Books

Missed potential in Kill Your Darlings’ intriguing story

By revealing the ending in the first chapter and telling the story in reverse, there wasn't enough to build on to keep readers engaged.

Peter Swanson has made himself known by releasing smart and complicated thrillers that keeps readers on edge, but in his latest book, Kill Your Darlings, he unintentionally abandons those themes that make his past books special. 

This book had the potential to be a great thriller, but it seems as though Swanson got caught up in the idea of making the book unique instead of making it a good read. This book should have been multi-layered with a twisty plot but ended up being flat and predictable for the whole 288 pages. 

The book begins with married couple Wendy and Thom at a dinner party they are hosting. Wendy wants to kill her husband. The first, sloppy, poorly-planned attempt fails. The second attempt was much more organized: she planned a location, cause of death and she staged it as a freak accident. This time, she succeeds.  

The book is pretty much downhill from there. And that was the first chapter. 

Part of the problem may be the book’s unusual and surprising narrative structure: this is a mystery told in reverse, starting with the crime and going backward in time from there. 

I don’t have a problem with the book being reverse chronological order, but I do have an issue with how it was executed, there simply isn’t enough hooking content throughout the chapters to keep readers interested when they already know the ending and can pretty easily assume that that the couple’s big secret is murder.
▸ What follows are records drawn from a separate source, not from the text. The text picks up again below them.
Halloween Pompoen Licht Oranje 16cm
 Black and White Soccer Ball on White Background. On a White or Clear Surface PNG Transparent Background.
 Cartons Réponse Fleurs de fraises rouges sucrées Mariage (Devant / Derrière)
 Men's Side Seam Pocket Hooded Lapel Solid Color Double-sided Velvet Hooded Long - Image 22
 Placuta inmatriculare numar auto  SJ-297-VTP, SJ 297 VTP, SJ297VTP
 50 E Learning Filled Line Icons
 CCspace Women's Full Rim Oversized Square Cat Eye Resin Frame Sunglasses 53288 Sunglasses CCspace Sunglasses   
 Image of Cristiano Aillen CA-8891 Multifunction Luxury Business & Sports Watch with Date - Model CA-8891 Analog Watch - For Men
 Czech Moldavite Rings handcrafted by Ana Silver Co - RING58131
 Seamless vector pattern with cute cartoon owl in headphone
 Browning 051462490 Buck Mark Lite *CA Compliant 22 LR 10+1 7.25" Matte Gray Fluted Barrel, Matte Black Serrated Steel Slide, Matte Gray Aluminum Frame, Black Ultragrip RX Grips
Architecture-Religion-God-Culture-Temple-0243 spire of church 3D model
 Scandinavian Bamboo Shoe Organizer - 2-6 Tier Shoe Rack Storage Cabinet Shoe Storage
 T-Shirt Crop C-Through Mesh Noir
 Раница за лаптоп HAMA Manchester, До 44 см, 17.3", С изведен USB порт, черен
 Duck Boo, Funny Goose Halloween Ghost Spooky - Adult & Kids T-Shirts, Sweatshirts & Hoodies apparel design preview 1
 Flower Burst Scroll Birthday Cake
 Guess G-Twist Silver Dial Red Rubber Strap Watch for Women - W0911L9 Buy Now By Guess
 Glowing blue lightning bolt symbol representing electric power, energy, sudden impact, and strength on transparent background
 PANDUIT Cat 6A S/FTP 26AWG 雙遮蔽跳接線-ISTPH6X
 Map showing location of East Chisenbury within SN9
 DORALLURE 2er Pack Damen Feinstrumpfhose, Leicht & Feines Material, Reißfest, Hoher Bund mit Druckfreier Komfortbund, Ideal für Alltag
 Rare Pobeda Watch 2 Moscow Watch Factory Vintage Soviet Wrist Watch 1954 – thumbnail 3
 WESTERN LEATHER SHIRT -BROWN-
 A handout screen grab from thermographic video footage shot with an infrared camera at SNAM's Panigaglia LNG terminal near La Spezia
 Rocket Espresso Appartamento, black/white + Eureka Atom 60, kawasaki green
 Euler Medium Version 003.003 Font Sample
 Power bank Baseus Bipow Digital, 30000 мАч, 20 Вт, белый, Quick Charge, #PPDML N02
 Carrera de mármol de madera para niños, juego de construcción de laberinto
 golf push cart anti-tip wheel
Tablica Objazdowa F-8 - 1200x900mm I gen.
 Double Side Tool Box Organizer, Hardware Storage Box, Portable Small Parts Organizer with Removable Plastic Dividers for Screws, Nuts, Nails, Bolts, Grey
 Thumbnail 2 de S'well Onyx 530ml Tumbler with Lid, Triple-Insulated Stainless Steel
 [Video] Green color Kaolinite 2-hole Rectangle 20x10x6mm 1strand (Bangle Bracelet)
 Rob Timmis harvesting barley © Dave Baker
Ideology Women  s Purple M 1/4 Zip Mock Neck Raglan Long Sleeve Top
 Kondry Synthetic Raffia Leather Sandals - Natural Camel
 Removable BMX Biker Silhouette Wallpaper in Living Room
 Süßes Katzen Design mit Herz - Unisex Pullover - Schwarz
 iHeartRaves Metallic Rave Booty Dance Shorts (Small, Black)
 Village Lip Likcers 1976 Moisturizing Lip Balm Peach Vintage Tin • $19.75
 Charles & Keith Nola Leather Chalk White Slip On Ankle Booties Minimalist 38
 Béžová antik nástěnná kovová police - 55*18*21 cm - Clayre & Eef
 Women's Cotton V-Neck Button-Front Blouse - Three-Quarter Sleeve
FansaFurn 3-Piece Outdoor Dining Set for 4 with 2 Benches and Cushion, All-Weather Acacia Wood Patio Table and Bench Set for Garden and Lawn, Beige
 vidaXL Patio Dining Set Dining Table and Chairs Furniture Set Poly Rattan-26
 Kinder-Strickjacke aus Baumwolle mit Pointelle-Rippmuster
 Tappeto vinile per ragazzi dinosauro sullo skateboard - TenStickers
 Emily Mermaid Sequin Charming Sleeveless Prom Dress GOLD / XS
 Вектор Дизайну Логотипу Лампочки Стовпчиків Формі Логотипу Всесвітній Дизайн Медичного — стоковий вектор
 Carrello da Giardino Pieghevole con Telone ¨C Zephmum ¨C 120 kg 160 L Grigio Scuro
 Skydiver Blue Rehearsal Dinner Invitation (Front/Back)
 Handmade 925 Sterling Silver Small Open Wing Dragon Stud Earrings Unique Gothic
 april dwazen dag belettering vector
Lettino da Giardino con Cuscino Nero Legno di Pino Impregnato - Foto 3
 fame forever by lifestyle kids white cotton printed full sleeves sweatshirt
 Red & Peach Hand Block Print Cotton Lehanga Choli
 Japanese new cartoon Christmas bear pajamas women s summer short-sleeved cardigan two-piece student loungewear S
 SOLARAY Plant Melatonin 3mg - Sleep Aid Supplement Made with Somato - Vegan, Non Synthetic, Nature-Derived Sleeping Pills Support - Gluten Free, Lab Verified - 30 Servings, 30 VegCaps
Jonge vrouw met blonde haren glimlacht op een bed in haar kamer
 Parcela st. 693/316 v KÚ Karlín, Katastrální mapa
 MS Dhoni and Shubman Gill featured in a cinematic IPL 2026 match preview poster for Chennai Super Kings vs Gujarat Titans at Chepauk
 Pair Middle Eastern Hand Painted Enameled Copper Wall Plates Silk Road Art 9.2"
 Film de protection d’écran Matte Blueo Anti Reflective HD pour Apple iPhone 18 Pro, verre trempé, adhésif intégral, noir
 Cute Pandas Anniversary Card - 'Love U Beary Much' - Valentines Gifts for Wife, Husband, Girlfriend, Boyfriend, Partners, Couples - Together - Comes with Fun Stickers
Though I also feel that if Swanson used a classic timeline for this book, it still would’ve been as weak if not weaker than it already is. 

The book does have some strong points that can get you excited, for example, during one section there’s an investigation that is taking place that could have some consequences for the main characters, but again that thrill is quickly eradicated when the chapter ends and we go further back in time.  The synopsis for this book gives you the expectation that this is going to be an exciting, twist-filled story. “Utterly propulsive murder mystery,” declares the blurb on the cover. But for the majority of the book, it feels like it’s a regular story about marriage with no plot whatsoever. The characters do not have a lot of depth and have little to no character development. Apart from our two main characters, each chapter tends to introduce a new person, but then they disappear for the rest of the book with just a couple exceptions.  

At one point in the book, a private investigator is introduced after a murder that occurs earlier in the chronology, the detective gives you some hope that the story will pick up, but like the other characters, he doesn’t make another appearance in the book.  

In the end, this book shows that even the most unique of narratives can’t carry a story that couldn’t keep you invested in the first place. The book couldn’t maintain the tension and interest of the first chapter. It was a bold choice to put the big reveal up front, but it was misguided. There’s simply not enough to build on, and it nullifies any future tension the book could have.  

Hopefully, Peter Swanson’s next book will keep the focus on an interesting story, rather than an “innovative” approach.